130万枚以上のシングル売り上げを記録した『千の風になって』をはじめ、クラシック、歌謡曲、演歌、ポップスなど幅広いジャンルを網羅するテノール歌手・秋川雅史。55歳の今、歌声の成長を最も感じているという頼もしい彼が、10月22日に『秋川雅史コンサート 大阪2023』で、毎年楽しみにしているという大阪のステージに立つ。現在も選曲中という本コンサートへの意気込み、2年前に始めたYouTube公式チャンネル「秋川雅史クラシック」の裏話、さらに歌に向かうときの意外なポリシーまで、色々と語ってくれた。

――コンサートで毎回歌われるという『千の風になって』。長年歌い続けられるなかで、発見や変化はありましたか?

「もう18年も歌っているのですが、最初は自分の魅力や、クラシックの声の魅力を皆さんに伝えたいがために、不必要に声を張り上げ“声自慢”になっていました。今は秋川雅史という歌い手を世の中が認知してくださり、この曲のあるべき姿を自然に表現すればいい、という考えに。昔と比べると、力をそぎ落として歌うようになっています。」

――いつもどのような想いを込めて歌われるのでしょうか?

「私はどの曲もそうですが、“想いを込めないようにして歌う”というのがポリシーなんです。想いを込めれば込めるほど、歌の感情は自分に向かってきます。人に届けるには感情を込めず、声の響きを聴いてくださる人の心の中に届けるという作業をするんです。すると気づかぬ間にお客様は感動してくださっています。分かりやすく言うと、カラオケで歌の苦手な人がすごく感情を込めて歌っていると、周りが引きますよね。あれは感情が自分に向かっているから。聴いている人との間に壁ができてしまうんです。だから『もっと自然に』と心掛けると、歌の感情は聴き手の心に響いていきます。」

――そうなのですね。2021年12月には『千の風になって』の訳詞・作曲を手掛けられた芥川賞作家・新井満さんがお亡くなりになられましたが、この曲にとってひとつの転機に?

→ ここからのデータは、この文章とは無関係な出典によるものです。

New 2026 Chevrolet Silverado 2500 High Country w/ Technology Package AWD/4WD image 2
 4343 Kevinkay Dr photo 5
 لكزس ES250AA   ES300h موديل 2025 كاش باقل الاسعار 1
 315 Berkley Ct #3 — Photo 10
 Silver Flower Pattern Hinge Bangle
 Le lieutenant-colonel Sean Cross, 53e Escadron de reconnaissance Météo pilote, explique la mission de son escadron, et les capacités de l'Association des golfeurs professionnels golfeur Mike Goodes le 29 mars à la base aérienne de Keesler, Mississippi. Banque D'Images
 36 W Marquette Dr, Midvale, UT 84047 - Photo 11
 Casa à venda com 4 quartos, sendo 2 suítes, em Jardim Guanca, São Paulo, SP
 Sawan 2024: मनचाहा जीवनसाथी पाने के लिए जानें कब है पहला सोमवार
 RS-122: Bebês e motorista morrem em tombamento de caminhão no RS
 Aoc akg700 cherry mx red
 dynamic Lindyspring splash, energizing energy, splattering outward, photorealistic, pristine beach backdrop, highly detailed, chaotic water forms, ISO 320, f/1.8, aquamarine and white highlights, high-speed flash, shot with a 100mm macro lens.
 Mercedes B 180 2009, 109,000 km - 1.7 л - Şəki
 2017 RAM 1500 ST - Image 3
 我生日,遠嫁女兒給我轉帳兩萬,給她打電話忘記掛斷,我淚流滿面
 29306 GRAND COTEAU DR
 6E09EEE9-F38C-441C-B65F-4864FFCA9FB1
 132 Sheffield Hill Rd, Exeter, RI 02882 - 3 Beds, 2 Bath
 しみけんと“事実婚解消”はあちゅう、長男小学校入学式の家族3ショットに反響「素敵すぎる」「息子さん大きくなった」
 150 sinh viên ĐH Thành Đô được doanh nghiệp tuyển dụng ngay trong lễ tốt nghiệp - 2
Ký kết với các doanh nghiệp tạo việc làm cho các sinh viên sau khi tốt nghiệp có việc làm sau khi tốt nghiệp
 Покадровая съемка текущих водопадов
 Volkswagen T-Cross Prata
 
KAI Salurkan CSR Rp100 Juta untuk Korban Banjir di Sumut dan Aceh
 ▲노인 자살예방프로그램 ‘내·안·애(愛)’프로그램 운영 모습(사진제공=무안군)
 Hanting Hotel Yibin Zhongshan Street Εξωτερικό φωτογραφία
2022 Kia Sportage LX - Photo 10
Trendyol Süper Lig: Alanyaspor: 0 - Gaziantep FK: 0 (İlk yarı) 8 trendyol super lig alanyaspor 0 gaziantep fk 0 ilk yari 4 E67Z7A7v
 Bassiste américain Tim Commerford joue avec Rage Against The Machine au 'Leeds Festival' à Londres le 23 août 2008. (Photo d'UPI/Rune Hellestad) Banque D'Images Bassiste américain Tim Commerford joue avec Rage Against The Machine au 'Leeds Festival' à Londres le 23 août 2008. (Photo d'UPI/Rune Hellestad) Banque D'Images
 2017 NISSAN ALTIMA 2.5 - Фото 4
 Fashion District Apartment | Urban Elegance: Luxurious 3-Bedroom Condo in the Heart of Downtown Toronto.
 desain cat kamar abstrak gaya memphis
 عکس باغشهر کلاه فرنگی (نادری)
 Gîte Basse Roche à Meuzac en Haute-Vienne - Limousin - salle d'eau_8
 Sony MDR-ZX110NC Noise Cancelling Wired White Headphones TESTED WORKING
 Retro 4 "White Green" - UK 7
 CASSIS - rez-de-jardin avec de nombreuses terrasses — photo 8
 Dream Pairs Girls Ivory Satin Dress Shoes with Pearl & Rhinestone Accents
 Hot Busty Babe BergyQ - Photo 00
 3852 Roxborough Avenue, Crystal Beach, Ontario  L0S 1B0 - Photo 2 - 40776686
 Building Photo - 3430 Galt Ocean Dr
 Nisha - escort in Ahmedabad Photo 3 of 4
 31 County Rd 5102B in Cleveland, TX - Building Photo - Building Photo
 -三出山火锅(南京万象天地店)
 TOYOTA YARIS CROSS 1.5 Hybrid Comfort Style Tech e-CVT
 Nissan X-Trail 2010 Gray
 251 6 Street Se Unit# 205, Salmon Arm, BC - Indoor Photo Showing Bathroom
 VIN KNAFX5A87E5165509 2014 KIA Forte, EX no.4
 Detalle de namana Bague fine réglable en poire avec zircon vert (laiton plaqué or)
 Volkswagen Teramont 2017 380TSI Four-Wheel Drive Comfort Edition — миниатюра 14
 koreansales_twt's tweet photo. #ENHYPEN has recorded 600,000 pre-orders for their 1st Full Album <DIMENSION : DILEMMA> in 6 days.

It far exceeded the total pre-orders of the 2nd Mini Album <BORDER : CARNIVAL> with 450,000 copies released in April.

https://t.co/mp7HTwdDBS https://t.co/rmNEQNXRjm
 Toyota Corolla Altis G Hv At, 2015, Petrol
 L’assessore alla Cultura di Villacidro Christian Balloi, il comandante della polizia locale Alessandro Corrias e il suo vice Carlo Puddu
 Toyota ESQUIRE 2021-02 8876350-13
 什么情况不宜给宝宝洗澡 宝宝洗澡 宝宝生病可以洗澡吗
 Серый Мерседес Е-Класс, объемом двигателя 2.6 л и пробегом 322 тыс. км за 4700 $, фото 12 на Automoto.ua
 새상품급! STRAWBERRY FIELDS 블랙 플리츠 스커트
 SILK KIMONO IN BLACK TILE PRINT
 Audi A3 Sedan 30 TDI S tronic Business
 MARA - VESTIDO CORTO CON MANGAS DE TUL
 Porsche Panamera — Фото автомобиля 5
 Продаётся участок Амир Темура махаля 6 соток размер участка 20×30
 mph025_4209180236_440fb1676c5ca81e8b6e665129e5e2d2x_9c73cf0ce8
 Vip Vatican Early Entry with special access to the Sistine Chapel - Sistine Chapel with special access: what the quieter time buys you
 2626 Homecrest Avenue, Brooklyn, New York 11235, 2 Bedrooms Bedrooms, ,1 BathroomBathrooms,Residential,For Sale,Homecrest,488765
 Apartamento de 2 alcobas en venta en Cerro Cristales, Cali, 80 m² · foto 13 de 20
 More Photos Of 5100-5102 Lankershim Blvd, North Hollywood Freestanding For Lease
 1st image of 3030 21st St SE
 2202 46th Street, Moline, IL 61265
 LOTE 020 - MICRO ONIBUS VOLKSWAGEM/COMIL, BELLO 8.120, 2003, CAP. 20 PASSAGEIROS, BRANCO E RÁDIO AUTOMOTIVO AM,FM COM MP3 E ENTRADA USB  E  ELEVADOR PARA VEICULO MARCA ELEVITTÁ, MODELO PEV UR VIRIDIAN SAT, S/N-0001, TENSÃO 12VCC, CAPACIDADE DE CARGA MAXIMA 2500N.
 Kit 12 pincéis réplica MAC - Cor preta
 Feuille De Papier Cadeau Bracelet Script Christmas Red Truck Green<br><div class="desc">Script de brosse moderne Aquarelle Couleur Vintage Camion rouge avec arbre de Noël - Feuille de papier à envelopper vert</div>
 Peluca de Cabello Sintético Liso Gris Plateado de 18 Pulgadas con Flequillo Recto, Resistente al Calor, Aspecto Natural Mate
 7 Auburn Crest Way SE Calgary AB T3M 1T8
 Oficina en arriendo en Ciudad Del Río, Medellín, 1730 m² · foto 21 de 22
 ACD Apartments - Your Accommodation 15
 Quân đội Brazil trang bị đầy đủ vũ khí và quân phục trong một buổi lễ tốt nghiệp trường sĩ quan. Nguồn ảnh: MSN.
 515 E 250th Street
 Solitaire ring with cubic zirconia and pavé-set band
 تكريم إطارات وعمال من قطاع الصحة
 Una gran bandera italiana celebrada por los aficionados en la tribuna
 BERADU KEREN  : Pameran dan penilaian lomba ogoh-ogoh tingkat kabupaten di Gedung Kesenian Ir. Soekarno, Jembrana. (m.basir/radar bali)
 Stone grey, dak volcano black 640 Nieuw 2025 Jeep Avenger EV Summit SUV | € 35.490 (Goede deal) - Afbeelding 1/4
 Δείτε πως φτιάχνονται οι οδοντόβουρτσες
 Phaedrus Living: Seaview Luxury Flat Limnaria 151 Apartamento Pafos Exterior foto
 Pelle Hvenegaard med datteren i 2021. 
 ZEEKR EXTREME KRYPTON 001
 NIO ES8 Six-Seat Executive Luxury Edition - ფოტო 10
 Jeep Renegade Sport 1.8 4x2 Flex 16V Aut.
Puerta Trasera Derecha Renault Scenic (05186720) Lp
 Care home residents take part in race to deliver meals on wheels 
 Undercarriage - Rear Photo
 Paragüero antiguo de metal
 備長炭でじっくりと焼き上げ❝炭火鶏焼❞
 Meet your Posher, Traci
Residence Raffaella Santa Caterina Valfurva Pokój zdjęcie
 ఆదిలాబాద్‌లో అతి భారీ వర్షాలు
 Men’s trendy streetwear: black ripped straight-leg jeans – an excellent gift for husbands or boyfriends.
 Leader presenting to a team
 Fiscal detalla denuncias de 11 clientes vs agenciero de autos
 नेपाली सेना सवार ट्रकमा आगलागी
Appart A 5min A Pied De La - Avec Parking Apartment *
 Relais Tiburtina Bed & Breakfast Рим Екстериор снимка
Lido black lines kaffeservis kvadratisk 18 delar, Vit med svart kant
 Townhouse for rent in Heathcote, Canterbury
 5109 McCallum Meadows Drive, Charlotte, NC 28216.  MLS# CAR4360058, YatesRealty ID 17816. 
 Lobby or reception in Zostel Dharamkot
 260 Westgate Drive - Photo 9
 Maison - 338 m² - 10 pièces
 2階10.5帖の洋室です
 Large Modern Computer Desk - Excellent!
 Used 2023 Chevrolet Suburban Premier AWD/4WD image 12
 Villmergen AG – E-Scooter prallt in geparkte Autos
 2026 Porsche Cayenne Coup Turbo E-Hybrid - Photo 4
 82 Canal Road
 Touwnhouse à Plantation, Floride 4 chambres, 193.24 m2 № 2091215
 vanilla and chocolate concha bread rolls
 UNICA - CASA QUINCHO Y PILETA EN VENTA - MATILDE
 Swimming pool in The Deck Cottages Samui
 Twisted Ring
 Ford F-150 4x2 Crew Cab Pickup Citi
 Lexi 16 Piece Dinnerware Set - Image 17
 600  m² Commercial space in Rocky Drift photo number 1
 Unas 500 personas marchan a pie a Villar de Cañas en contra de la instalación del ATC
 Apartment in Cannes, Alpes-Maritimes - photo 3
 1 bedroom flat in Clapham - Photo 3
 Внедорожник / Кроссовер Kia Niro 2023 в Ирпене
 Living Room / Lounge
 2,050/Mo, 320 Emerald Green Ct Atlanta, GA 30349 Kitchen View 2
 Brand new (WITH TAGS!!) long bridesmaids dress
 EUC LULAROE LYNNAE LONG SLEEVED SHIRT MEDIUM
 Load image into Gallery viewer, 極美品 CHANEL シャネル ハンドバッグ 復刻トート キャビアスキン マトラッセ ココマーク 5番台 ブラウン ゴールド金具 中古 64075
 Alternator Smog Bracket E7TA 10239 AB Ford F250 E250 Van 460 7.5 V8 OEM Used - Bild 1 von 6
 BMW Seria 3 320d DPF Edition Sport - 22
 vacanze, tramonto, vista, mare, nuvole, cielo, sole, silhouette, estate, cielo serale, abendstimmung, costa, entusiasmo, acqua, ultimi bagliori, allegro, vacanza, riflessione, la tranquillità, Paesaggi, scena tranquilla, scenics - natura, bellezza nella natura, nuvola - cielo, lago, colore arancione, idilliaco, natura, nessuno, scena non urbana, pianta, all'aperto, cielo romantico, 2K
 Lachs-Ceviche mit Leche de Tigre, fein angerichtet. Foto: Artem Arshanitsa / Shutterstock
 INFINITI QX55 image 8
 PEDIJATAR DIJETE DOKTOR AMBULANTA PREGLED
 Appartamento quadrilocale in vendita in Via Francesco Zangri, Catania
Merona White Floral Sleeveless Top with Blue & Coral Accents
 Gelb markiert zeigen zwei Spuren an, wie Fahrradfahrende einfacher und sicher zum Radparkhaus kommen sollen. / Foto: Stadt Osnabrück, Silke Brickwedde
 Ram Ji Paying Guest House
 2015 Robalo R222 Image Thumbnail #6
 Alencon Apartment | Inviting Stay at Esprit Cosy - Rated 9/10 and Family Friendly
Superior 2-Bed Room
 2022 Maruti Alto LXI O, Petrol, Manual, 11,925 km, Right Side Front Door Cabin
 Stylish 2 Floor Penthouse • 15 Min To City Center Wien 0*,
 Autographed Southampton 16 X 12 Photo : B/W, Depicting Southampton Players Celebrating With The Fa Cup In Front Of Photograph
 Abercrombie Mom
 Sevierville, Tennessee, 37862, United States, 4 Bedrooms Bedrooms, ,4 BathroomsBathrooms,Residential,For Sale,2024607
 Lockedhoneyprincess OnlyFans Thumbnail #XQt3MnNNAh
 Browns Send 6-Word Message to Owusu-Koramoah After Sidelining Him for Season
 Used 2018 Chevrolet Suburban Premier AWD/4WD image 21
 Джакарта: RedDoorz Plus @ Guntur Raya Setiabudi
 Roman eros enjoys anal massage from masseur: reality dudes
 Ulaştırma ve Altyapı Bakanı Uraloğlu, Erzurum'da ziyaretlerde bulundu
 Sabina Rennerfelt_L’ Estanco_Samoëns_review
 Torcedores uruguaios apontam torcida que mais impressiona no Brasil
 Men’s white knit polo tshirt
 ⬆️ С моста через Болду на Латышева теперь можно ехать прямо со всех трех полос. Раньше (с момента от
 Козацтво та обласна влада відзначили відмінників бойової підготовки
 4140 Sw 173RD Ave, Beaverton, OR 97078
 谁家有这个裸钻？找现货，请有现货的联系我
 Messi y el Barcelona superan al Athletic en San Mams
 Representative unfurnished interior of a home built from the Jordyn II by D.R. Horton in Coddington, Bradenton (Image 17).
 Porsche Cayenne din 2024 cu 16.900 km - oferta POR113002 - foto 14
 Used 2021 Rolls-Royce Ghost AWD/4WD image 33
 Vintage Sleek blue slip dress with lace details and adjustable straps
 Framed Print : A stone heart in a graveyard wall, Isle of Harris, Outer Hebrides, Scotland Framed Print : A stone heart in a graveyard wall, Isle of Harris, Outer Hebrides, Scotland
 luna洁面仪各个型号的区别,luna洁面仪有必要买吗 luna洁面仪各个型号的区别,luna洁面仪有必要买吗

「はい。新井満さんはそれまでお元気な印象だったので、僕にとっては突然の訃報でしたが、満さんらしいなとも思いました。『私のお墓の前で泣かないでください』という言葉が、満さんのメッセージのようにも聞こえて……。満さんは風になったんだなと、スッと(心に)入ってきました。」

――今回のコンサートでは、ほかにどのような曲を歌われるのですか?

「前半がクラシックの曲、後半は誰もが知っているポピュラーなヒット曲、というプログラムを考えています。久しく歌っていなかったのですがお客様の評価が高かったカンツォーネの名曲『禁じられた音楽』、イタリアのトスティ『最後の歌』など、あまり知られていない作曲家の曲もクラシックとしてぜひ聴いてもらいたいと思いました。滝廉太郎の『荒城の月』も予定しています。ポピュラーな曲では、松田聖子さんの『瑠璃色の地球』などを歌います。壮大なオーケストラのようなピアノアレンジで歌うので、聖子さんとはまた違った世界観になると思います。」

――秋川さんは約2年前にクラシックの曲だけを歌う、YouTube公式チャンネル「秋川雅史クラシック」を始められましたが、やはりクラシックへの強い思いが?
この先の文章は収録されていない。